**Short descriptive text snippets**
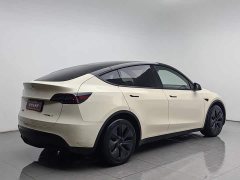 Tesla Model Y Long Range Edition - ფოტო 2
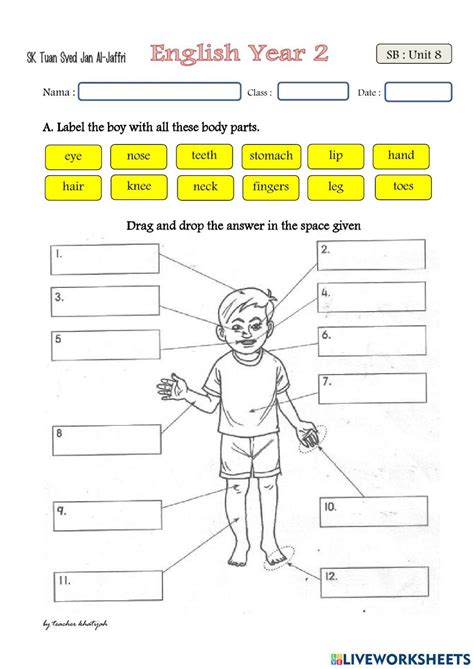 Robotics Worksheet 的图像结果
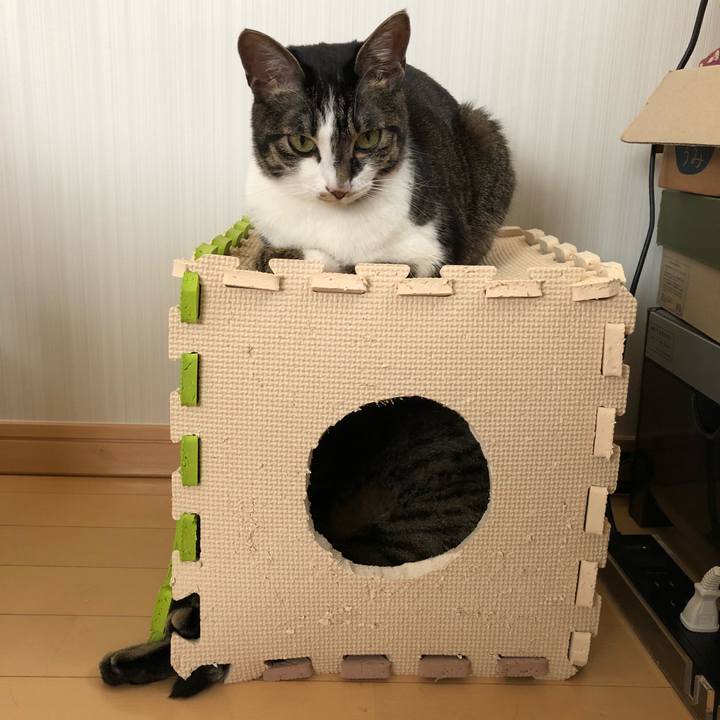 A70e72cb 98c3 42c1 8f69 e4819a8f5890 1526651003340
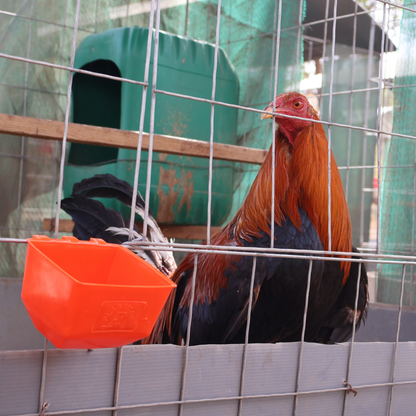 10 Bebederos Comederos Cuadrados Para Gallo Perico Loro Aves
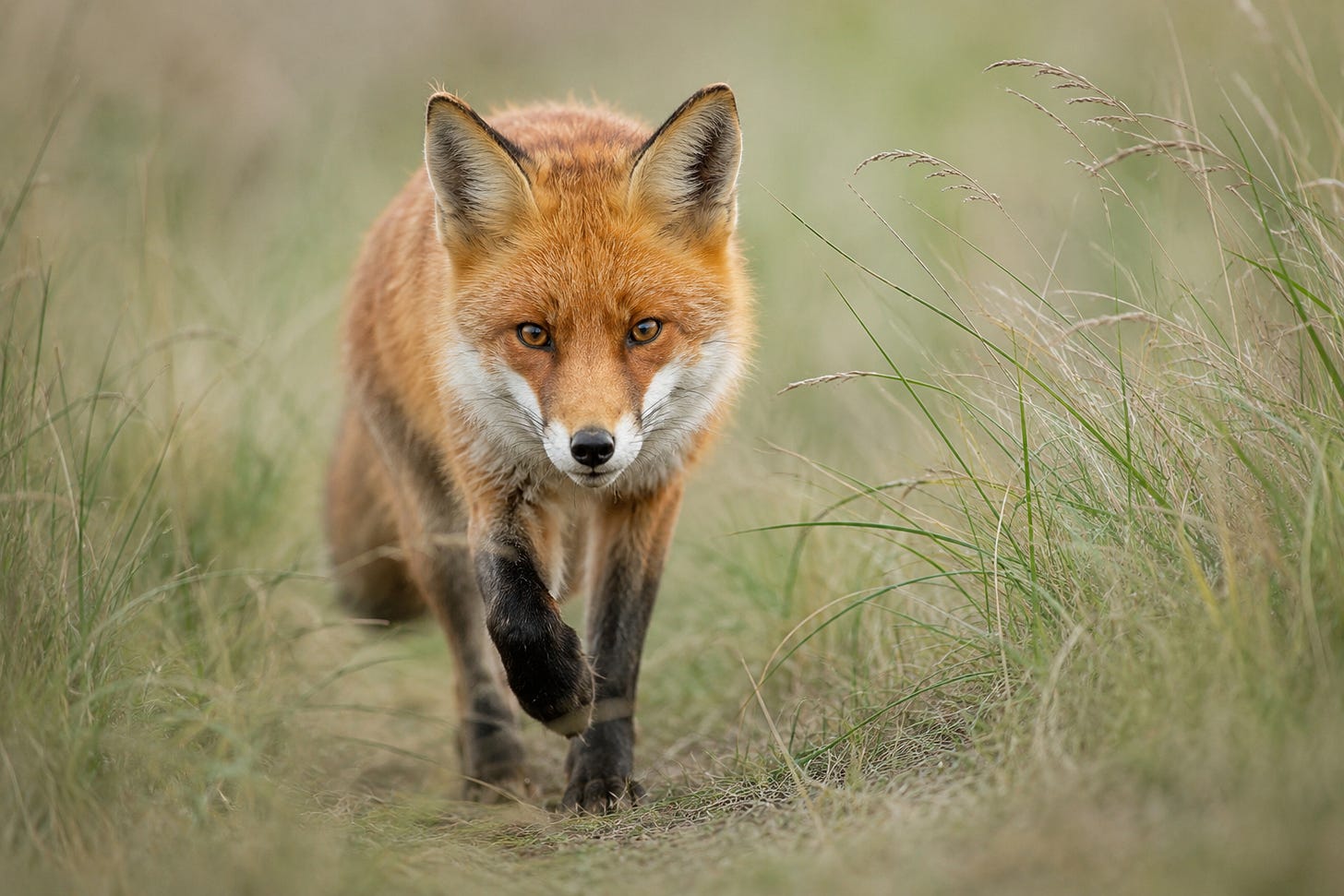 Photorealistic red fox walking toward the camera through tall meadow grass, with alert eyes, natural orange fur, and a softly blurred green and tan background.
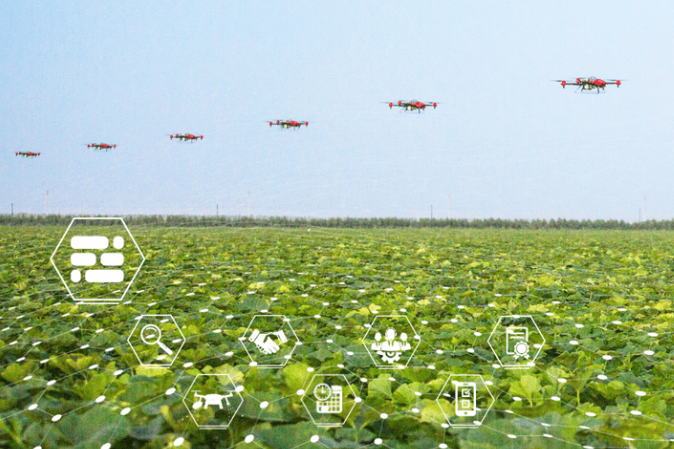 �������� ����� �� ��������� �� ����������: �� ���� ����������� ����� ��������� ���������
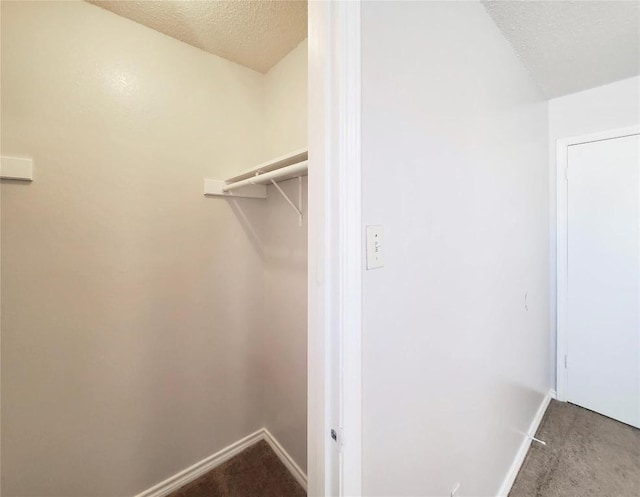 spacious closet with carpet floors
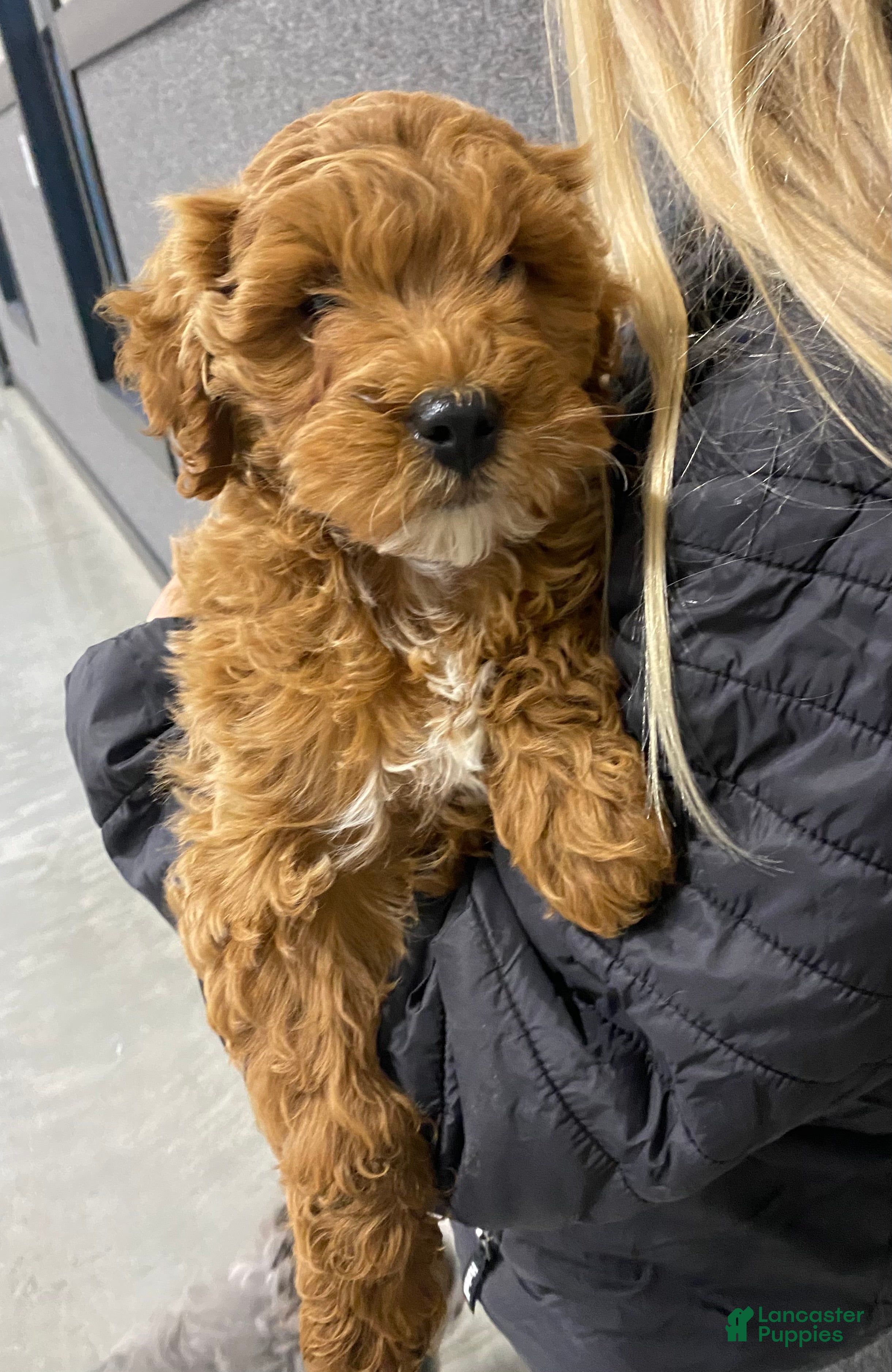 Mini Goldendoodle dogs Brodie - Ad 1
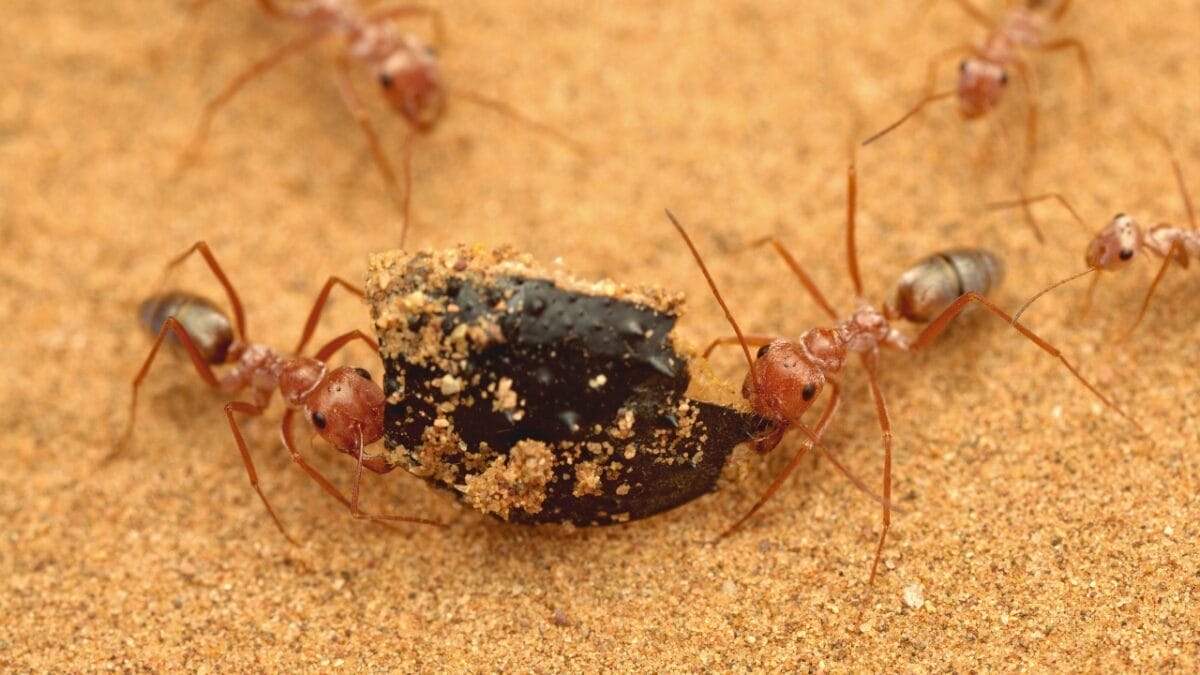 14 of the Toughest Animals on Earth: The Ultimate Survivors 3 14 of the Toughest Animals on Earth: The Ultimate Survivors - Sahara Desert Ant ss378233011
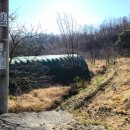 낙동면 비룡리 이미지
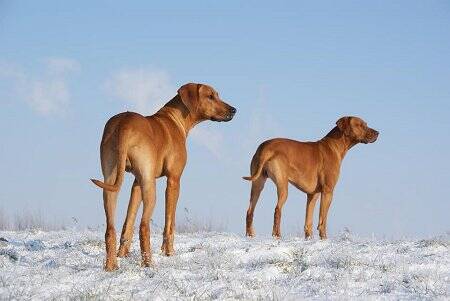 BinQ, zoon van Cantha (met zijn papa Cooper)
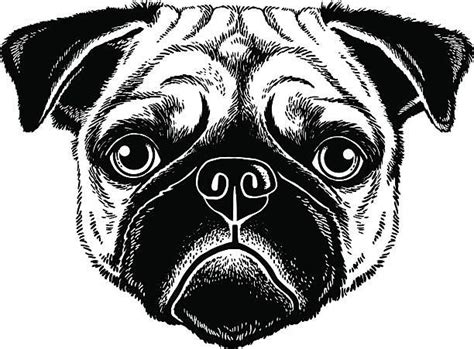 Pug Dog Face Vector Illustration Isolated Stock Vector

**Directions for this task**
The lines to reproduce run from the one above containing "Robotics Worksheet 的图像结果" through the one containing "Mini Goldendoodle dogs Brodie - Ad 1". Copy them exactly and leave out all pictures.

**Solution to this problem**
 Robotics Worksheet 的图像结果
 A70e72cb 98c3 42c1 8f69 e4819a8f5890 1526651003340
 10 Bebederos Comederos Cuadrados Para Gallo Perico Loro Aves
 Photorealistic red fox walking toward the camera through tall meadow grass, with alert eyes, natural orange fur, and a softly blurred green and tan background.
 �������� ����� �� ��������� �� ����������: �� ���� ����������� ����� ��������� ���������
 spacious closet with carpet floors
 Mini Goldendoodle dogs Brodie - Ad 1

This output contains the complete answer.